Is there a faster way to do a matrix multiplication on a random subset of a matrix?

I have an algorithm that spends almost 2/3 of its time in a function that draws a subset of a matrix and then multiplies that with some weights. Number of selected rows << N rows.
I have tried to optimize it by preallocating everything, but with array slicing the multiplication is not very performant:

dem_tpartact = zeros(6000, 100)
dem_weights = rand(100, 100)
dem_data = rand(1_000_000, 100)
tmp_data = zeros(6000, 100)
dem_rp = floor.(Int, rand(6000) .* 1_000_000 .+ 1) #Selection of random indices

function permute_view!(tpartact::Array, weights::Array, data::Array, tmp::Array, rp::Vector{Int64})
    @views mul!(tpartact, data[rp, :], weights)
end

@btime permute_view!($dem_tpartact, $dem_weights, $dem_data, $tmp_data, $dem_rp);
42.953 ms (3 allocations: 30.75 KiB)

So I added a step where I allocate the selected rows to a temporary array an multiply that.

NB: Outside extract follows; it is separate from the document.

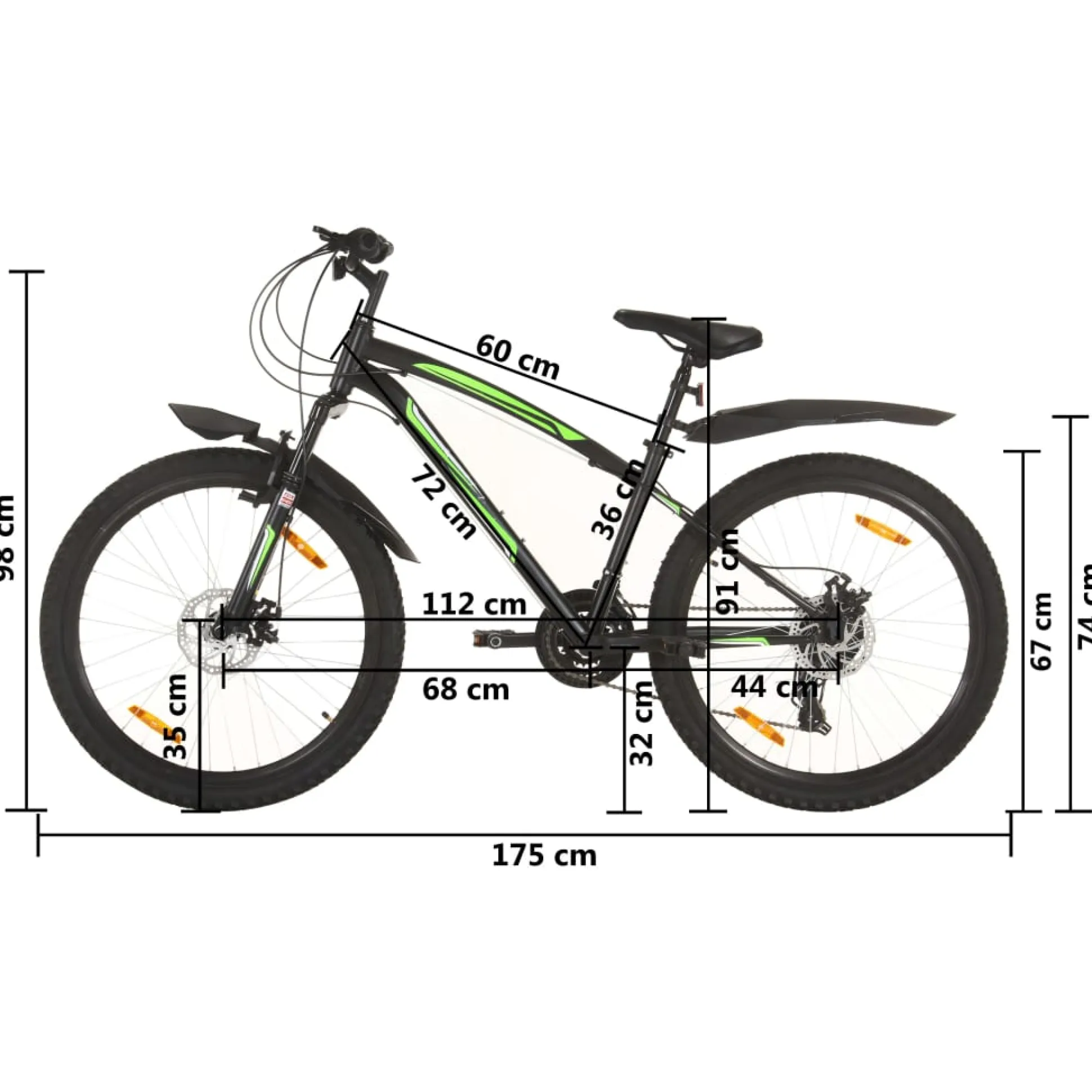 Bicicleta De Montanha Vidaxl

function permute_view2!(tpartact::Array, weights::Array, data::Array, tmp::Array, rp::Vector{Int64})
    ii = 1:length(rp)
    for idx in eachindex(rp)
        @views tmp[ii[idx], :] .= data[rp[idx], :]
    end
    @views mul!(tpartact, tmp, weights)
end

@btime permute_view2!($dem_tpartact, $dem_weights, $dem_data, $tmp_data, $dem_rp);
5.170 ms (0 allocations: 0 bytes)

This works pretty nice, but still is the main bottleneck of my code.
I compare the timings to a python version that I adapted and without this step the code runs 5-20x faster, but with it included, Julia version is slightly slower.

Is there anything more to be done here to make it more performant? Or maybe some other strategy that would be more efficient?

Edit:
For context, here is the analogous python code with timings:

data = np.random.rand(1000000, 100)
weights = np.random.rand(100, 100)

%%timeit
rp = np.floor(np.random.uniform(0, 1, 6000) * (1000000 - 1))
tpartact = np.dot(data[rp.astype(int), :], weights).T

5.16 ms ± 162 µs per loop (mean ± std. dev. of 7 runs, 100 loops each)

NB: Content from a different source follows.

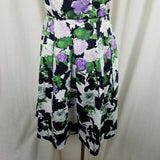 Talbots x Oprah Magazine Hydrangea Fit & Flare Twirl Dress Womens 2 NWT $189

I’d check for the effect of row major (numpy) vs. column major (Julia) memory layout for matrices?

2 Likes

yeah. selecting columns rather than rows will be a lot faster.

1 Like

In other words, transpose the matrix and you’re good to go

You can directly sample indices, like this:

rand(1:1_000_000, 6000)

There’s no need to go through floats with rounding. In fact, the most correct would be

rand(axes(dem_data, 1), 6000)
1 Like

Good catch :slight_smile: I was so focused on the typical “iterate column-wise” that it did not occurred to me it makes more sense to copy columns.
Transposing the data matrix and reading columns does give it a nice boost:

 2.510 ms (0 allocations: 0 bytes)

but what is interesting, transposing the tmp array seems to not give any benefit, since it needs to be transposed back for the multiplication.
On a separate note, also using @spawned threads on the original version gave me a similar boost. With the transpose it shaves additional 0.5ms, but maybe now it is an overkill.

Right, thanks! I did want to change it later, this is just a direct translation from the python code (which in turn copied it from matlab code, which does explain the how it looks a bit :wink: ).
The axes variant does look nice, will see how it performs.

1 Like